Si aprono le danze con “Alì Rosario” (“Alì gli è morto un figlio lontano là in Oriente e intanto che pedala le lacrime non sente, si asciugano nel vento andando in bicicletta e se non vanno via, pedala un po' più in fretta”) quasi un rap rivestito di “etnico”. “Farabutti” (“Ci procuriamo i ferri del mestiere, il grimaldello e quelle robe lì e non è il caso di diversi travestir, che siam vestiti male già così”) è molto in zona Jannacci, con la voce di Alessandro Sipolo e il clarinetto basso di Adriano Sangineto. “Restoran balkan” (“La musica va avanti, sulle piastrelle storte si balla e si rovescia per terra un po’ di grappa e rude Stara Dama con la dentiera rotta e guarda nello specchio i suoi capelli blu”) è tutta in levare, ricamata dal violino “zingaro” di Dejan Vozlic. “America” è in odore di gospel e cantata in dialetto brianzolo. “Il mio neurone” (“Il mio neurone conosce la strada, mi fa vestire seguendo la moda, a volte resta fermo ed io non so, a volte è una pallina di ping pong , a volte gli domando e lui risponde: Boh”) gioca con le voci in stile Quartetto Cetra a cui si aggiunge quella di Savino Verni e l’arpa di Adriano Sangineto. “Dicono” (“Dicono che in fondo al mare abbiamo nascosto la nostra vergogna, dicono che le nostre città non sono sicure, dicono che servono muri alti, porte robuste e citofoni rotti, dicono che Dio ci ha dato la lingua in un eccesso di generosità”) è tutta parlata con un sostegno musicale che ricorda Springsteen. “Ol Leroi” è un bluesaccio in dialetto bergamasco con il testo di Umberto Zanetti; si muove con ritmi dance la successiva “Fiori dappertutto” (“Noi siamo solo due meschinità, tu che il dolore non lo vuoi vedere e metti i fiori in bocca alla pietà e io che non so dirti di tacere”). Invece “Indovinello” (“Sopra ai tetti di Bologna svolazzava una cicogna con il becco traboccante di popcorn, era stata all'anteprima di un filmaccio dei Vanzina e rincasava vergognandosi un bel po’”) è più swing cantata in compagnia di Stefano Vergani che firma il brano insieme a Monguzzi. “Valtrompia” è cantata in dialetto sulla melodia del tradizionale americano “Red River Valley” con dentro il banjo di Andrea Verga. In chiusura “Fate largo ai sognatori”, tratta dalla poesia “Sulla luna” di Gianni Rodari, è arricchita dalla voce di Filippo Pax e dalla chitarra elettrica di Pier Panzeri.
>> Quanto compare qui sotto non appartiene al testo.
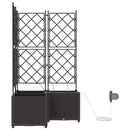 vidaXL Kerti ültetők Barna 80 x 80 x 142 cm Acél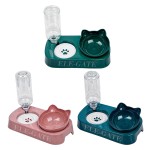 Pet Feeder Supplier - Automatic Double with Water Bottle Stainless Steel Bowls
“Farabutti” è un vero e proprio divertissement dove Monguzzi e Cinelli ci raccontano storie vere, di vita, di emigrazione, di sogni e di speranze. Un disco che si lascia ascoltare con piacere, senza troppe pretese, tranne quelle di evadere con leggerezza e di riflettere in maniera intelligente.